Paap antwoordt hierop het volgende:

 

‘De reden, waarom deze novelle van Unamuno mij zoo mateloos geërgerd heeft, is juist dat geborneerde idee, dat er voor intellectueelen een speciaal, gereduceerd geloof zou bestaan. Het is zeker tragisch, dat het verstand - een der gaven van den Heiligen Geest! - iemand dermate in den weg kan staan, doch hierom behoeft men nog niet dadelijk in bewondering neer te zijgen voor diens weifelende, de waarheid ontloopende gedachtenwereld! Ik weet zeer wel, dat er iets aantrekkelijks ligt in de levensbeschouwing van Unamuno, vooral voor intellectueelen eenerzijds en sentimenteelen anderzijds. Doch de Paulinische zwakheid lijkt mij allerminst synoniem met de slapheid en het gebrek aan zelftucht van een Don Manuel. Eén woord neem ik uit mijn bespreking terug: het woord “sluw”. Het spijt mij, dat dit mij in mijn verontwaardiging uit de pen is gevloeid. Doch, dat Don Manuel's staat van geloof misleidend werkt op ieder, die met deze “objectiveering” in aanraking komt, blijf ik rustig volhouden, ook al zou de heer Rispens mij op grond daarvan willen uitsluiten uit het domein der “intellectueelen”. Het in acht nemen van een zekere restrictie bij de behandeling van religieuze problemen is iets gansch anders dan het te kort doen aan de waarheid en het miskennen der genade.

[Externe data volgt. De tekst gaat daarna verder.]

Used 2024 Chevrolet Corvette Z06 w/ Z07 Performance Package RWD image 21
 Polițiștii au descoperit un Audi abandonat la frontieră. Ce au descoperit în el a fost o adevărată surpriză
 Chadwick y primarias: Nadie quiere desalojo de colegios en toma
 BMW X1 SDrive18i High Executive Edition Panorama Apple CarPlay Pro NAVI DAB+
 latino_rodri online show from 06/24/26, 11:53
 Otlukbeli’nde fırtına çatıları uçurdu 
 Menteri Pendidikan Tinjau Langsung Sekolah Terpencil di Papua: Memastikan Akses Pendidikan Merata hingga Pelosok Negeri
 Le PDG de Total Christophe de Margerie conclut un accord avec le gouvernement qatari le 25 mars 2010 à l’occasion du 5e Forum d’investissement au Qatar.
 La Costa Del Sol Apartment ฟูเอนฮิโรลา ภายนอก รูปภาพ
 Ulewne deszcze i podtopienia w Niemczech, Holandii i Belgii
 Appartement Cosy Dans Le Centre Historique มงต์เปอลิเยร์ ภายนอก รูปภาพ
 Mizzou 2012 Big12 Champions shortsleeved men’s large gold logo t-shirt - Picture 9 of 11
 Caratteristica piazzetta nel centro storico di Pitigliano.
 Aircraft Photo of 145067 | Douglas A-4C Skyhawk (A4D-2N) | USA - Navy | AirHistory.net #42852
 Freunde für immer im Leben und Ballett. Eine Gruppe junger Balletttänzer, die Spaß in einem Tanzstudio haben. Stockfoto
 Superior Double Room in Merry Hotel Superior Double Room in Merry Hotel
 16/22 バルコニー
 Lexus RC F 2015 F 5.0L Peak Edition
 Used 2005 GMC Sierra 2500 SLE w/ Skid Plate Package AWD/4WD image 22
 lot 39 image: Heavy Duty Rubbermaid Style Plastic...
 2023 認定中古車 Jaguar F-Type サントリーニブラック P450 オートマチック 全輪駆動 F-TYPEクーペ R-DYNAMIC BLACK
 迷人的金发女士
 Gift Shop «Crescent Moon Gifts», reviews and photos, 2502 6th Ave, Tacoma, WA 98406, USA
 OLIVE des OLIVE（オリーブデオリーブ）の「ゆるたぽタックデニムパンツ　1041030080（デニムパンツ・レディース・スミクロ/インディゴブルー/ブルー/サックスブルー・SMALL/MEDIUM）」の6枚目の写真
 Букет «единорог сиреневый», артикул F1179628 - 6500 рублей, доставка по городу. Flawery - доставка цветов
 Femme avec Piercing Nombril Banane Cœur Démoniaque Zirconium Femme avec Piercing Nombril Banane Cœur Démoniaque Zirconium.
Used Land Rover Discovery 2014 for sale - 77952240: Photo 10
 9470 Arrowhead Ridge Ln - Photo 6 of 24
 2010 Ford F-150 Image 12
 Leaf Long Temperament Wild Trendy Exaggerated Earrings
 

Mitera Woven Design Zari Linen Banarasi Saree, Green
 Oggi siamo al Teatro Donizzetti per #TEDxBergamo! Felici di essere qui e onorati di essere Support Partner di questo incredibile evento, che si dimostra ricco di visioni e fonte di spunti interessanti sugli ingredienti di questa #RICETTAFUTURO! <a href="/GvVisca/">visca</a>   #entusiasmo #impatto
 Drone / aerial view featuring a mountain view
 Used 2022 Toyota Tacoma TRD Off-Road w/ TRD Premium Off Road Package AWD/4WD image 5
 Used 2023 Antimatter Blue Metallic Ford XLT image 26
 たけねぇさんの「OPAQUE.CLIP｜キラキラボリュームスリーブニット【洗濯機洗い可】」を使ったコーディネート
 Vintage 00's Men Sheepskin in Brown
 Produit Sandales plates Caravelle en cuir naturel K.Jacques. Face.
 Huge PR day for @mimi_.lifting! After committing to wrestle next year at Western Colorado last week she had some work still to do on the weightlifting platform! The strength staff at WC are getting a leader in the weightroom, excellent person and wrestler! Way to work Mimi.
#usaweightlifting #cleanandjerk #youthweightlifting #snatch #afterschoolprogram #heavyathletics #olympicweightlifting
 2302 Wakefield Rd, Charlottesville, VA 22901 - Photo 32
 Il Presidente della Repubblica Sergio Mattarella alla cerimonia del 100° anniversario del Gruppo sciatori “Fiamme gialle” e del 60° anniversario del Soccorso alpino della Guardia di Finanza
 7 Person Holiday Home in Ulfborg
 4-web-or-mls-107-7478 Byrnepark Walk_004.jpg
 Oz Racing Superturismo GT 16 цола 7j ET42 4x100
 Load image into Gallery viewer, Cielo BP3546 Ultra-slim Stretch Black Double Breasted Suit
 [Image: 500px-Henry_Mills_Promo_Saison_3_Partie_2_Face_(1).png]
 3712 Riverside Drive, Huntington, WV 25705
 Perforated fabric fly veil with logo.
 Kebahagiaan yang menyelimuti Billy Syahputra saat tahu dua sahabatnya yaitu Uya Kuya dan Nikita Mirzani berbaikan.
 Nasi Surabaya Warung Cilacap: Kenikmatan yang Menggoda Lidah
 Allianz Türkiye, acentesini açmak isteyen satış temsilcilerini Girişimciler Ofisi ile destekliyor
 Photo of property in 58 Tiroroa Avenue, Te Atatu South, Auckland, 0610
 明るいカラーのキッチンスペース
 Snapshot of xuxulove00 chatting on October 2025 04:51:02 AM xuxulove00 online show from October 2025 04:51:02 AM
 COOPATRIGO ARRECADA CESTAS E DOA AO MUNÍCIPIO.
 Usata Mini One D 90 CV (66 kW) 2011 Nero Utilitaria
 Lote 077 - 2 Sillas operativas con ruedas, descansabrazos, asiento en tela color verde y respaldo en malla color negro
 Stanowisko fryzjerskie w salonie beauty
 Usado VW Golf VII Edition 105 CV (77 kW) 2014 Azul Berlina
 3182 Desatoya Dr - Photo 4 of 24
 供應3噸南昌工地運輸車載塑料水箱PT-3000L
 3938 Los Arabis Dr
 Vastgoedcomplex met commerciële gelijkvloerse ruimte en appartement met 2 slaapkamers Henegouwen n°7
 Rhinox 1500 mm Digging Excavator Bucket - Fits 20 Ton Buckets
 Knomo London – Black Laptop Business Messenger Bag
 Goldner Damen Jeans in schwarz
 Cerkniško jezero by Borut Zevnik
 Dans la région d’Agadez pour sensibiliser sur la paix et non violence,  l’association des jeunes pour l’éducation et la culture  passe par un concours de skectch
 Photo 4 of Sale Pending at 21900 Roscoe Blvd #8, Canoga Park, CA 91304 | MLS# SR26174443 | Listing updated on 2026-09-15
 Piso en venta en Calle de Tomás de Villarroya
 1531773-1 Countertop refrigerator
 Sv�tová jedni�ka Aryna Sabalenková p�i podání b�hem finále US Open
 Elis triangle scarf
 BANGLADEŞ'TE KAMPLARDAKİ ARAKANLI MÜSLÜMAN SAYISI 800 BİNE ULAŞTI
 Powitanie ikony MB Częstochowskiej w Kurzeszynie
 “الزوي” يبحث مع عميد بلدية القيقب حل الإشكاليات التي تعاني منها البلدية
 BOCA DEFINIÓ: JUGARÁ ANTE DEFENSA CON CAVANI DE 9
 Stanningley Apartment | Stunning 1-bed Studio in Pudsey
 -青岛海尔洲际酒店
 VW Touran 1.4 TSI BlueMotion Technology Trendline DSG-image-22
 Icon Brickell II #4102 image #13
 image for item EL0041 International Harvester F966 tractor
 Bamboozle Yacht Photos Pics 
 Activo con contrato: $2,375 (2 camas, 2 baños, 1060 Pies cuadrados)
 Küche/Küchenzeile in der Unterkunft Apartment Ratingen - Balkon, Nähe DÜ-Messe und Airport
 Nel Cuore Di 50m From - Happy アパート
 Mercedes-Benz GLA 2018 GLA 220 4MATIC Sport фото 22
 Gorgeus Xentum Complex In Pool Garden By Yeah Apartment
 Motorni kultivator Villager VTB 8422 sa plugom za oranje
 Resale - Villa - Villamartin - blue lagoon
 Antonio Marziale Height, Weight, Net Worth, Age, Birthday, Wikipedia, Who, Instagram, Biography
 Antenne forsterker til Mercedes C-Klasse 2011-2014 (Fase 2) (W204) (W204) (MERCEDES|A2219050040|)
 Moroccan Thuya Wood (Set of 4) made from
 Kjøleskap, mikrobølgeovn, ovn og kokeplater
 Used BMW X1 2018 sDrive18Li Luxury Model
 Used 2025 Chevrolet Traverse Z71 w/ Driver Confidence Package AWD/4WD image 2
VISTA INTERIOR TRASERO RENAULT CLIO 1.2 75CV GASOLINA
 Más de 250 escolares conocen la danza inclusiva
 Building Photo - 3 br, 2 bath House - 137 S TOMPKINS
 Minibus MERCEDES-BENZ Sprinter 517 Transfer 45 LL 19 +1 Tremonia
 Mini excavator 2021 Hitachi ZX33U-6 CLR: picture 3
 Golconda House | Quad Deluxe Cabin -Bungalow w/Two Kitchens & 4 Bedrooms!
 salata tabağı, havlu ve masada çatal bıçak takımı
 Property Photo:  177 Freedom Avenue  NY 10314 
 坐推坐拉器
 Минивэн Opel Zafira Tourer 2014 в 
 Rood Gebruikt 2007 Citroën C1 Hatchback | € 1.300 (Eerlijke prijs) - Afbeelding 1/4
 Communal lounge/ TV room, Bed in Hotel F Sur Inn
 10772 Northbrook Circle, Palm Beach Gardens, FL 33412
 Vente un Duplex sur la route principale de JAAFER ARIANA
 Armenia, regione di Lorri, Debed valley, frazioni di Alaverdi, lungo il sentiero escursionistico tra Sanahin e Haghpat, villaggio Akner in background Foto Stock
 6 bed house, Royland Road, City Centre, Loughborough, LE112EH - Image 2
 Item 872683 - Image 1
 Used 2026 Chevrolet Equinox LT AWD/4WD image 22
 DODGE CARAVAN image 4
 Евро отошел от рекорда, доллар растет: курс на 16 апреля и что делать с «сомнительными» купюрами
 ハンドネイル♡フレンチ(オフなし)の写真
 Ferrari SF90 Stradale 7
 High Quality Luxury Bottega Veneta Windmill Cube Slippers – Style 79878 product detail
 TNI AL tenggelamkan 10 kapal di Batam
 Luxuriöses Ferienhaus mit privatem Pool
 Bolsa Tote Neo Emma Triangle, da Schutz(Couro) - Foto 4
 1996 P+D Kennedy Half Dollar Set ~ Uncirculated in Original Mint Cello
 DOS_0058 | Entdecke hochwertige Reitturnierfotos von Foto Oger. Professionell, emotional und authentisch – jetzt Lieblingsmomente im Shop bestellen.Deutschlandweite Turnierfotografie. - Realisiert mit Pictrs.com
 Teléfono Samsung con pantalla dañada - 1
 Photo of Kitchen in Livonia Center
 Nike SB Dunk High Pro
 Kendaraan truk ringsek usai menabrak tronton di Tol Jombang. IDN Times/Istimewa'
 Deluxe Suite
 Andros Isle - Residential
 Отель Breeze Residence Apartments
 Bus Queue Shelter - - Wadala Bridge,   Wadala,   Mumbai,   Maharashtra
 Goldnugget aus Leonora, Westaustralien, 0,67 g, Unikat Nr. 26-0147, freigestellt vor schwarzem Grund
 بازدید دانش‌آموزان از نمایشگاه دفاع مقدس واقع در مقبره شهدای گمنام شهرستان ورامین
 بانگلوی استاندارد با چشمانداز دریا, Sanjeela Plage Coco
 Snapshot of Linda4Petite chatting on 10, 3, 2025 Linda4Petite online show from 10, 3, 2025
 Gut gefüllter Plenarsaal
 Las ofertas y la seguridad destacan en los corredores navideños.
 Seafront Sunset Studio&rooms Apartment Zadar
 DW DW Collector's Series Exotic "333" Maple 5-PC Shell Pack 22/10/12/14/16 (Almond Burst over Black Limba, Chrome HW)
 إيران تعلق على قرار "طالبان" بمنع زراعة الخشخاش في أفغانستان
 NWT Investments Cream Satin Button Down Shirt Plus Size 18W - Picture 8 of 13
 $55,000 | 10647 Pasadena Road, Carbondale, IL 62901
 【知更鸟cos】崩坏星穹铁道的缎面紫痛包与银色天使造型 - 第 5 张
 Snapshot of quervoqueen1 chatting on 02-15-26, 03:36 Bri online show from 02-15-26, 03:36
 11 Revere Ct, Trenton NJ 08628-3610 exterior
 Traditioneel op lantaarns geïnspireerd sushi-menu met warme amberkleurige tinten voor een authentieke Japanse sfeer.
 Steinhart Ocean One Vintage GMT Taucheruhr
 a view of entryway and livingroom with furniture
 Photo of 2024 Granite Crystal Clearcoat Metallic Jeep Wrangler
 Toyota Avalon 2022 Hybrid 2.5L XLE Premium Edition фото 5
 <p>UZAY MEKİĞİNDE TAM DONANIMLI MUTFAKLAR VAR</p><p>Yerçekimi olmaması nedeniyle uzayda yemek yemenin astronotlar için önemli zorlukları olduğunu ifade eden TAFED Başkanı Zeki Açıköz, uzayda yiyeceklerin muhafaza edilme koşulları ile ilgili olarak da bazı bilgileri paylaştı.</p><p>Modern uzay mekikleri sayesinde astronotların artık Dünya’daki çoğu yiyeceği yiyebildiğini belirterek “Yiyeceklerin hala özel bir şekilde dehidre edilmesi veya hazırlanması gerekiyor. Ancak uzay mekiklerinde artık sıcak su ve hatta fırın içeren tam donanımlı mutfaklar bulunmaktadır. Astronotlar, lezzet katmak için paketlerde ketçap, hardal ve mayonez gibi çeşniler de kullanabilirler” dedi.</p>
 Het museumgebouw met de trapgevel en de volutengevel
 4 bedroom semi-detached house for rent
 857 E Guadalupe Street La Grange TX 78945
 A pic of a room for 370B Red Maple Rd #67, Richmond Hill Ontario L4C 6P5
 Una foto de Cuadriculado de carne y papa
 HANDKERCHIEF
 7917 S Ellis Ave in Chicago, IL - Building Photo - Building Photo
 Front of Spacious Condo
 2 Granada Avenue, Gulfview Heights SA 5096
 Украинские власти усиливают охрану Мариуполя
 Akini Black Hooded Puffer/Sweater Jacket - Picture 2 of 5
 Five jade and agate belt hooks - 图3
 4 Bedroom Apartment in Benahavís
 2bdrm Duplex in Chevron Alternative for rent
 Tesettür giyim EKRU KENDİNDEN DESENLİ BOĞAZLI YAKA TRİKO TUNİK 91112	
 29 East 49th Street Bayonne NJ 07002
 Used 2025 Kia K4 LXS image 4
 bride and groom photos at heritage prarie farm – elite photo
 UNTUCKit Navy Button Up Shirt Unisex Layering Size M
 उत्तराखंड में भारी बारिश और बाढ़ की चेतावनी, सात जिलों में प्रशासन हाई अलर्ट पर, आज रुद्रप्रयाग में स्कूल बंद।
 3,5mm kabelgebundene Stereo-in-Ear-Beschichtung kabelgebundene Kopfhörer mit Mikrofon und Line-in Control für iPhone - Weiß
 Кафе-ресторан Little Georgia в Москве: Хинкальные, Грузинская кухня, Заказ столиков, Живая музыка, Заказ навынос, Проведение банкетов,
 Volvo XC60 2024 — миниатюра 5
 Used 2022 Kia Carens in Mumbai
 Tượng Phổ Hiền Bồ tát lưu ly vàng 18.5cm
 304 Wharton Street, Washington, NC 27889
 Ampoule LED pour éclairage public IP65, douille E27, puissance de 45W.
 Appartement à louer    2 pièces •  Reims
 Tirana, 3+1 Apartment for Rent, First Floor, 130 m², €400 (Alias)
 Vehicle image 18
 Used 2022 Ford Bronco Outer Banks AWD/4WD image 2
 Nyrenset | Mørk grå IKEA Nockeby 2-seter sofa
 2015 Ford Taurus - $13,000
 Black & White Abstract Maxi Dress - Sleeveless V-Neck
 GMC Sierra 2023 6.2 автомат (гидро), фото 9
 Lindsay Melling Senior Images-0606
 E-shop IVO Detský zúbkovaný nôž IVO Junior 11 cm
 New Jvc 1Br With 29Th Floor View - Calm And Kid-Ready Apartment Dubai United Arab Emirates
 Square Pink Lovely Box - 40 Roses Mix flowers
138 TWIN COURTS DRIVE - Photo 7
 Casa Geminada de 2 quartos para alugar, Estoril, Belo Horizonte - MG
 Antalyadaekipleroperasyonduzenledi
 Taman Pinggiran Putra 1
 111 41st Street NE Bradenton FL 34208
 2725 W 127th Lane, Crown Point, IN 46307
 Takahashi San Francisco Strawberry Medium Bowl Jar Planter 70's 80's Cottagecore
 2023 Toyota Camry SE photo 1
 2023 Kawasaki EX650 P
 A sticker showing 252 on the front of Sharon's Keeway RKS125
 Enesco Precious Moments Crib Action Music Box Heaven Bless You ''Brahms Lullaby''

Ik geef toe, dat mijn interpretatie van de novelle reeds doortrokken was van mijn afwijzend oordeel, maar bij een dusdanig geharrewar met de meest intrinsieke levenswaarden is mij de lust in de nuance vergaan.’

 

* * *

 

Het komt mij voor, dat de discussie tusschen de heeren Rispens en Paap een interessant voorbeeld te zien geeft van de tegenstelling tusschen twee soorten katholicisme, die ik Zondag in een artikel over Vondels persoonlijkheid nader toelichtte. De heer Rispens legt den nadruk op de ‘zelfbelijdenis’ (Pascall), de heer Paap daarentegen op de ‘waarheid’ (het Vondeliaansche gezag). Vandaar, dat de laatste niet in staat is het probleem van Unamuno anders te beschouwen dan als ‘warhoofdigheid’; want met de ‘waarheid’ gegeven door het kerkgezag is de ‘waarheid’ van Unamuno regelrecht in strijd, al is er eenige overeenkomst in beider ‘paedagogisch’ gebruik van de waarheid voor het publiek. Zoodat ik, den heer Rispens gelijk gevende, toch den heer Paap den besten katholiek zou willen noemen.